Ma could hold tears on her eyelids longer than anyone; some days she walked around like that for hours, holding them there, not letting them drop. On those days she would trace a finger over the shapes of things or hold the telephone on her lap, silent, and you had to call her name three times before she'd give you her eyes.

These moments aren't always as sad as you might expect. Whilst their father is clearly a man of brutish strength and quick temper he also has moments when he shows not just tenderness but insight too. When he takes his youngest son on an errand up to Niagra on one occasion he leaves him alone in a museum of curiosities for a while. Our narrator watches a film about the daredevils who tossed themselves over the famous Falls in barrels. Alone in the room and seeing the film projection on his body he begins to do a dance for himself and only notices his father watching from the doorway when he finishes. His father says nothing until many hours later when they pull onto the road that will lead them to their home.

"I stood in that doorway, watching you dance, and you know what I was thinking?...I was thinking how pretty you were," he said. "Now, isn't that an odd thing for a father to think about his son? But that's what it was. I was standing there, watching you dance and twirl and move like that, and I was thinking to myself, Goddamn, I got me a pretty one."

This tight family experience it all together, the three boys witness to their parents lows and even, in one eye-opening scene for them, their highs. Even the possible life-changing moment when Ma bundles boys and a few hastily grabbed possessions into the new truck she so hated her husband buying (it being a totally impractical bit of posturing without even enough seatbelts for the family) ends with them all returning at the end of the day, having experienced worry that she might actually do it, excitement at the change and finally as they drive back up to the house 'when it was safe to feel let down, we did.' Outside of the home the boys know that their best hope for survival is together and they tend to roam about as a pack. As they grow older their wish to escape is tempered by a sense of how dangerous and difficult the world around them is. Manny's increasingly religious talk leads him declare, after another abortive attempt at flight, that "God's scattered all the clean among the dirty. You and me and Joel, we're nothing more than a fistful of seed that God tossed into the mud and horseshit. We're on our own."

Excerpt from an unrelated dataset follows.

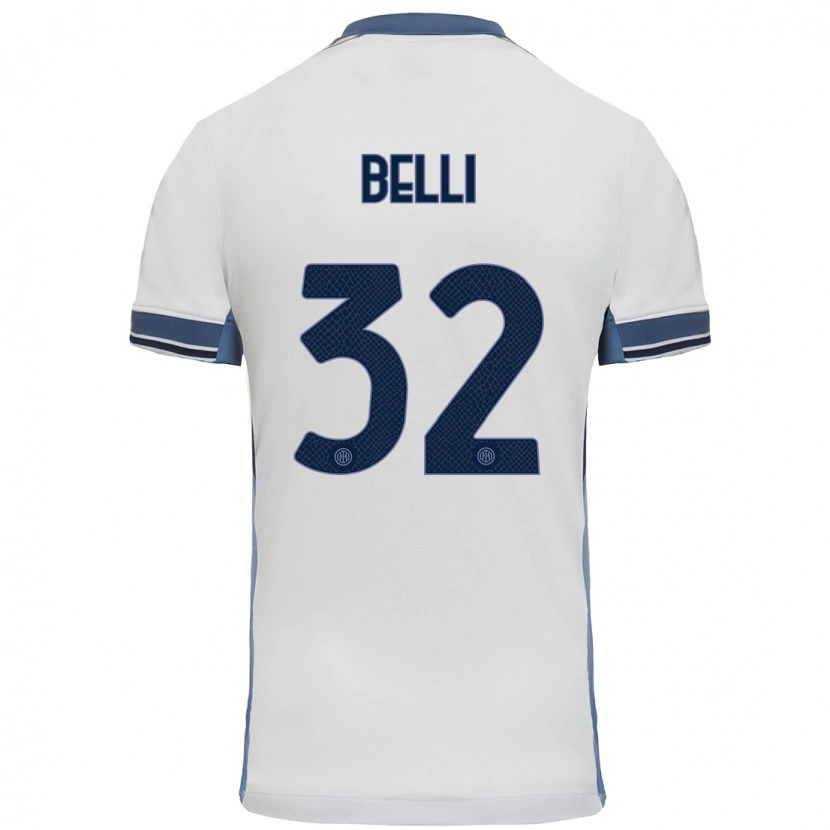 Danxen Men Elena Belli #32 White Grey Away Jersey 2024/25 T-Shirt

But we always sense as they approach adolescence and young-adulthood that this bond, however violent and punishing, will not be able to hold and it is naturally our sensitive and bookish narrator who will become separated. The way in which his sexual awakening is used to finally break that tie is perhaps a little predictable and neat but there is no doubting the power of the final few chapters and the very real pain of this family. In the same way that we all recall just flashes of our own childhood's Torres' novel selects those enlightening moments, not like photographs as such because nothing about this book is static, but Kodak moments nonetheless, the paper now tinged and dirty, colours still vivid and yet somehow not true, and all of it passed by rather than past.

2 comments:

Simon (Savidge Reads) 2 March 2012 at 17:30  

Great review Will. I had the pleasure of a single sitting with this book a week or two ago and thought it was very good indeed. (I have a review coming next week.) I thought the snapshot aspect of the book was very deftly done, as was the hints at the awful (and touching to be fair) things that happened to the boys as they grew up. It's hinted at but the reader goes away and makes of it what they will.

Weirdly I interviewed Justin last night with Gavin for The Readers Podcast next week and he was brilliant, and he said he finds the 'autobiographical' tag the book has been given a bit bizarre.

William Rycroft 4 March 2012 at 21:04  

Ooh, I can't wait to hear that interview, when will it be available?